I hate moving
Moving should be listed as one of the circles of hell.
It's never a fun time.
There's way too much time spent packing. There's way too many trips made back and forth. There are never enough boxes. You inevitably scrape your knuckles on the doorway while carrying a piece of furniture and drop said piece of furniture while howling in pain while your spouse rolls his eyes and tells you to walk it off.
And there's always some random box you throw shit in at the end. Ours was marked "kitchen and random crap" and contained a blender, some loose change, a screwdriver and a "Popener" that my friend Nancy brought back from Rome. Yes, it's what it sounds like, a can opener with the Pope's head on it.
But for three people who called this their second home, we sure accumulated enough crap. Josh had five computers there. FIVE. That's not counting his two work laptops and my laptop.
And don't even get me started on the toys. We now have upstairs toys and downstairs toys. It's sick. The new rule in our house for the Grandmas is going to be they can only buy new toys if they take a toy of equal size out of the house when they bring the new one in.
We have toys coming out of our ears here. There are now four push toys in the house. There's not that much ground to cover. It's a little ridiculous.
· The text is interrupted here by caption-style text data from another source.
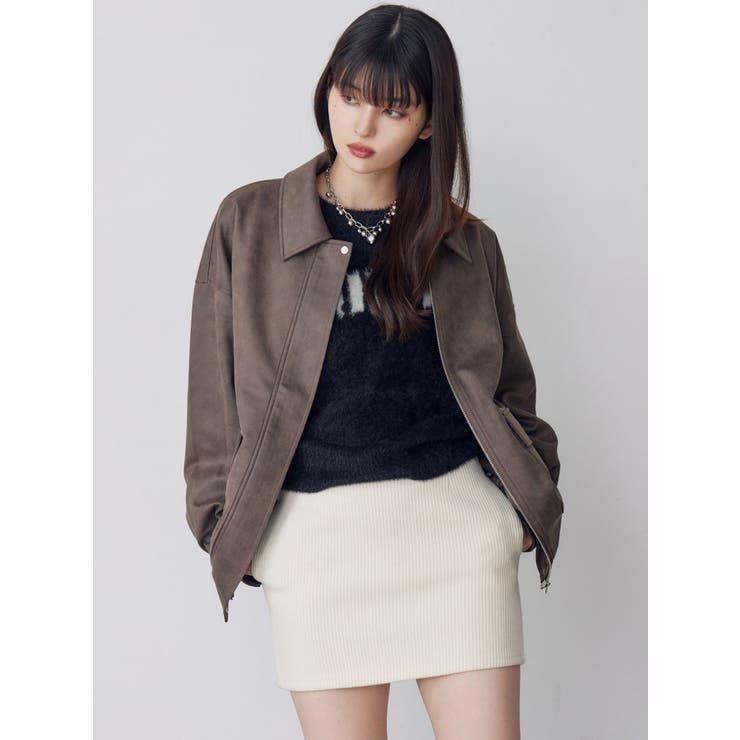 リブミニスカート【セット販売対象】 | MURUA | 詳細画像12 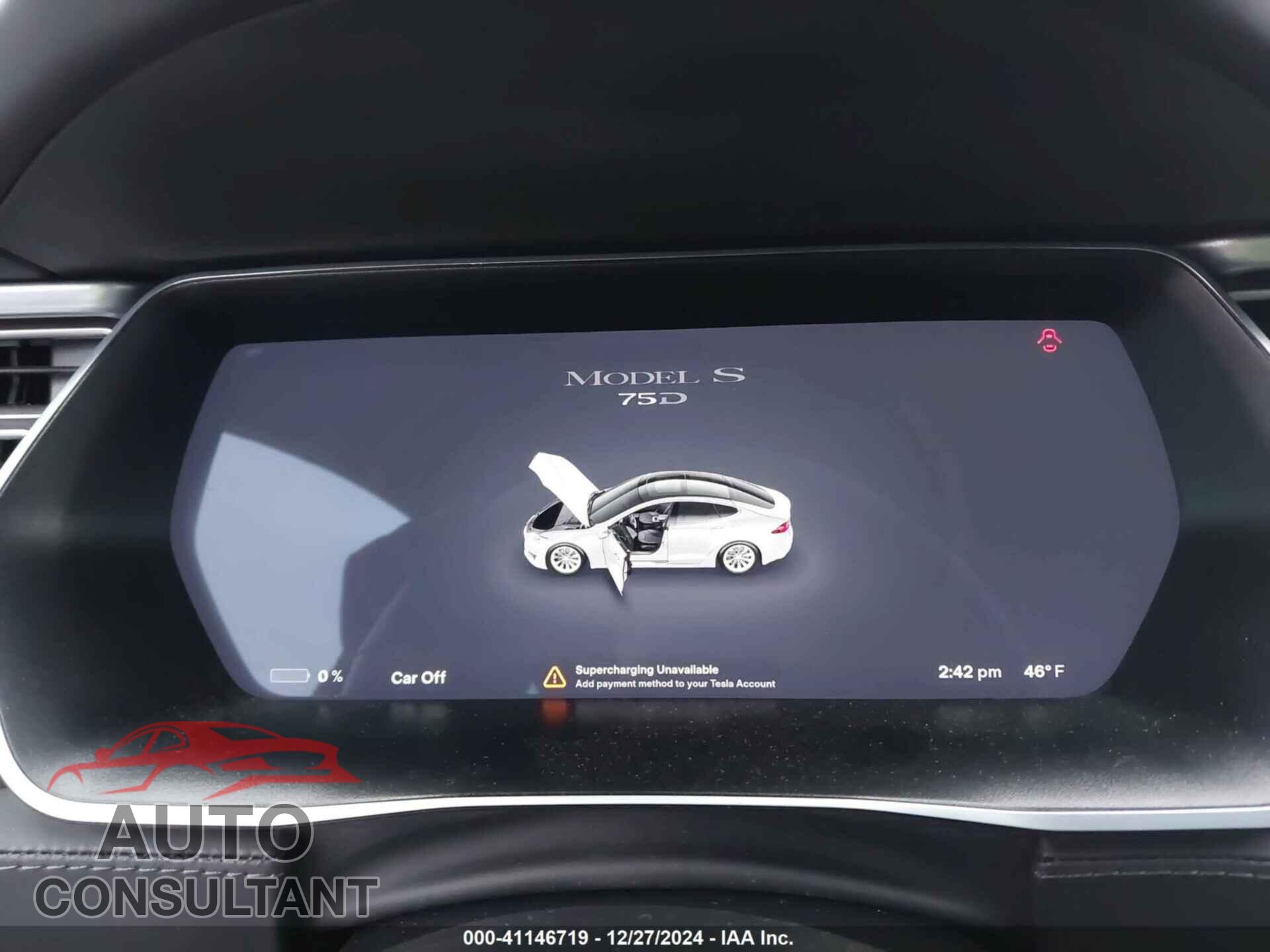 TESLA MODEL S 2017 - 5YJSA1E29HF230719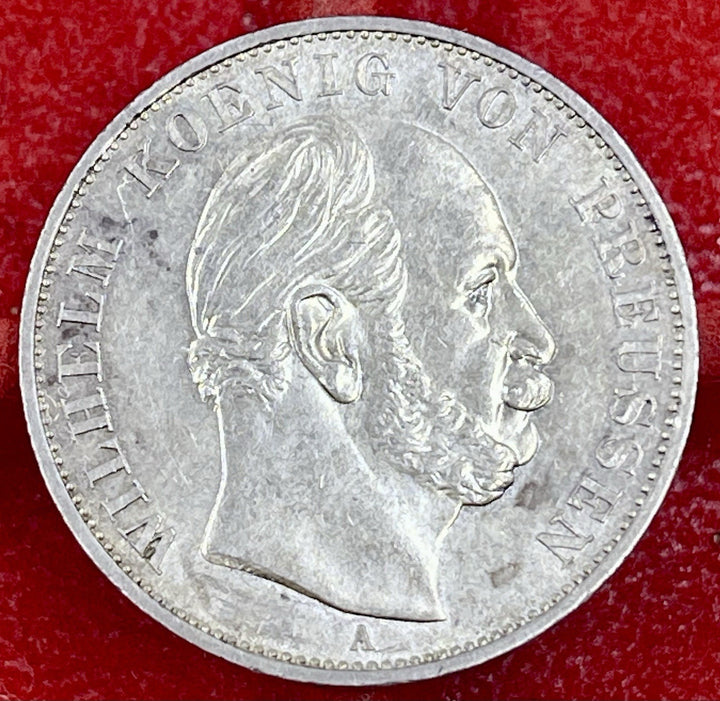 1871 Prussia 1 Thaler Silver Coin – Victory Over France – Wilhelm I – KM#500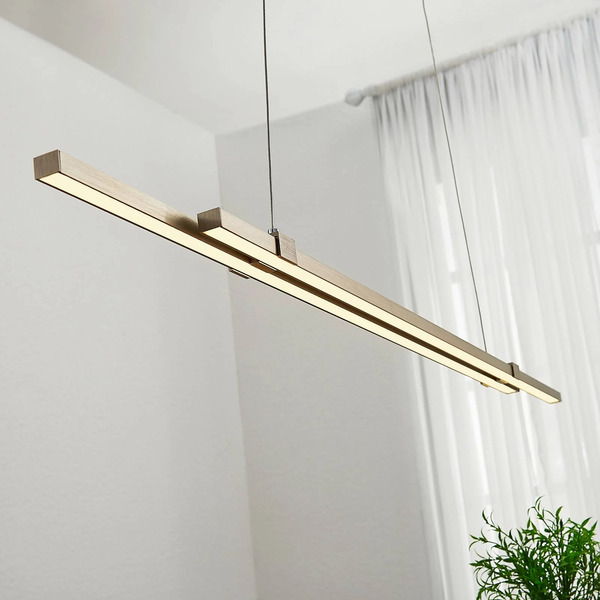  Lucande Lampa Wisząca Led Belka Tymon, Wąska, Wysuwana 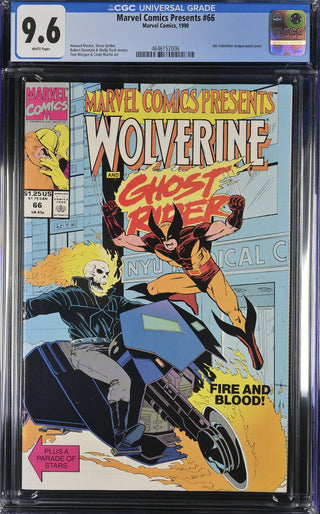 Marvel Comics Presents #66 (1990) Graded CGC 9.6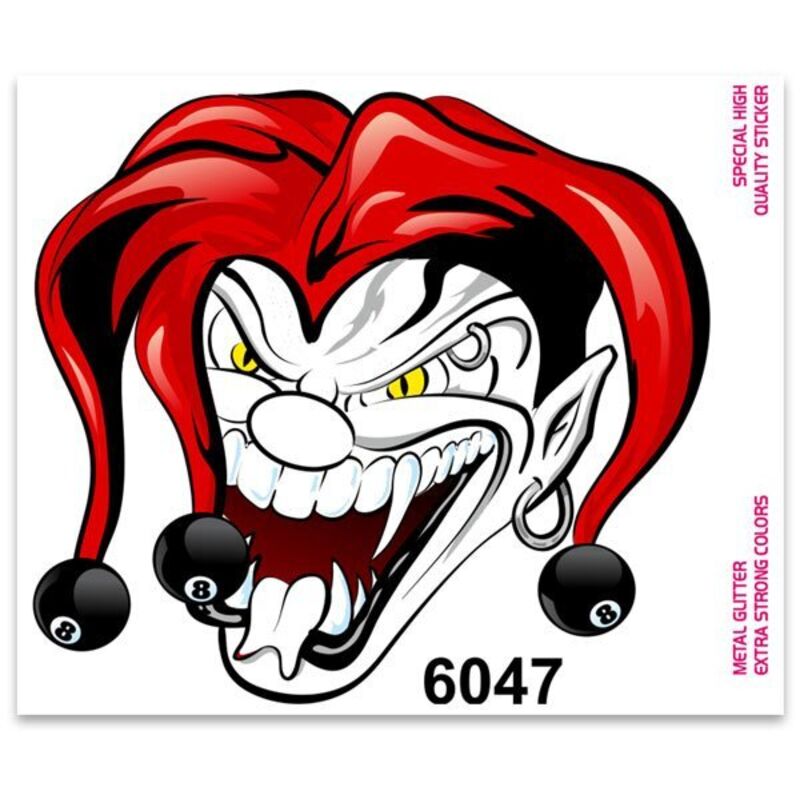 Adesivi Stickers Standard Joker Old 10 x 12 cm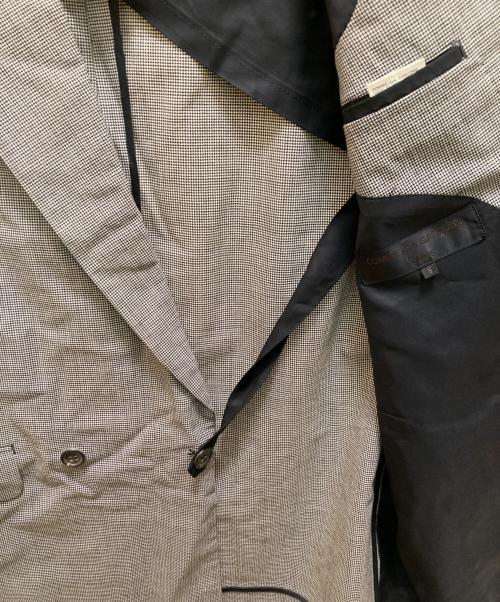 COMME des GARCONS HOMME（コムデギャルソン オム）COMME des GARCONS HOMME (コムデギャルソン オム) ヴィンテージウールテーラードジャケット ホワイト×ブラック サイズ:Sの古着・服飾アイテム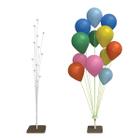 Suporte de balão com base em mdf de 1,06m 12 balões piffer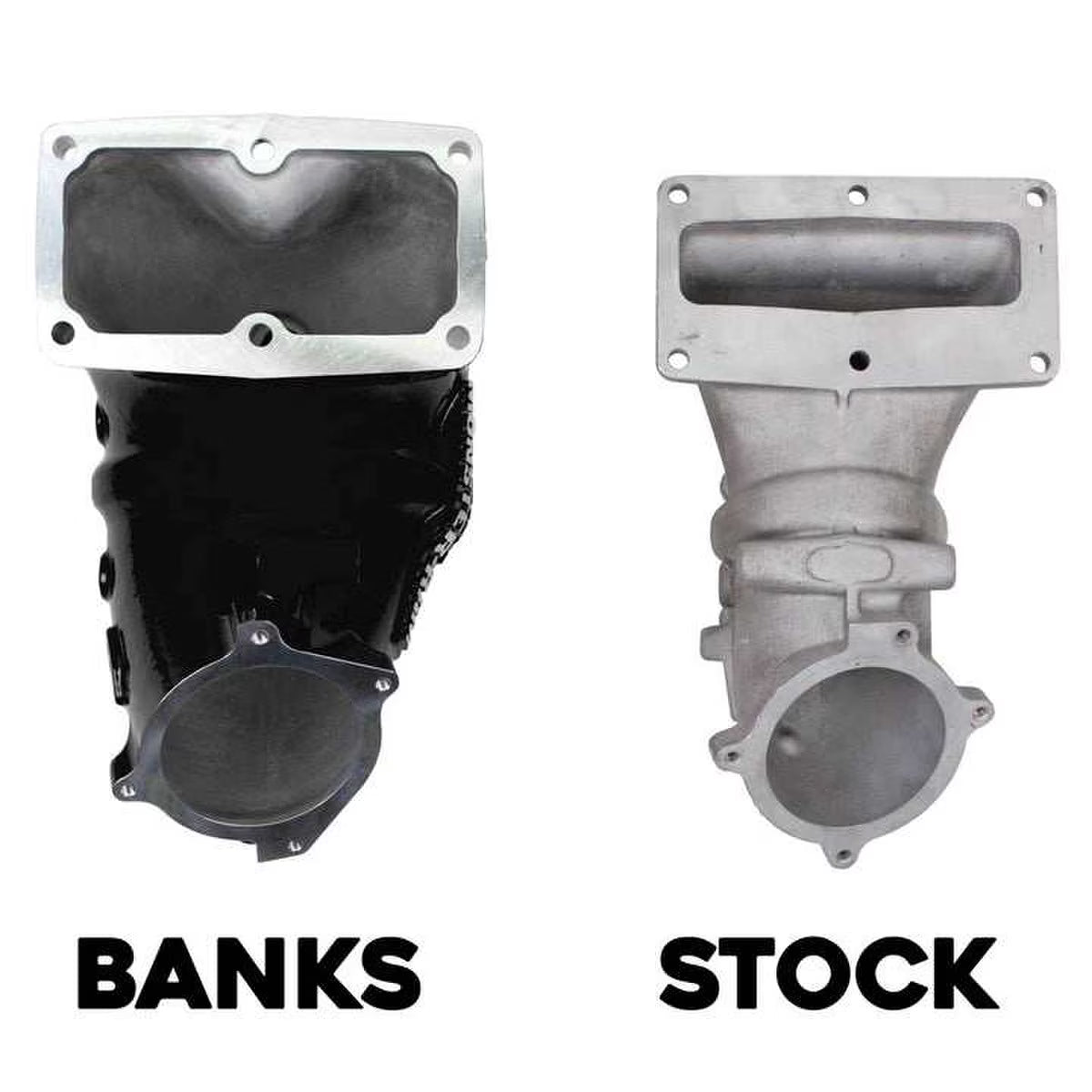 Monster-Ram Intake System for 19-24 Ram 2500/3500 6.7L Cummins Black Powdercoat - Banks Power - 42799-B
But we made some decent cash from the yard sale and completely moved out of the townhouse in Bloomington on Saturday. We somehow got all the crap to Chicago in one trip with our two cars. And now we have all that crap in our house.
There are boxes in the dining room, kitchen, and bathroom. Our bedroom looks like a tornado hit it and the guest room is ground zero of the mess.
And the sad part is, we didn't really move. We just brought a bunch more stuff to the house we just moved into two years ago. How does that happen? You move in and you swear you are downsizing and keeping things manageable and then poof, you have boxes of holiday decorations and old painting clothes in your sunroom and you're tripping over your shop vac because the 12-foot ladder is in the way.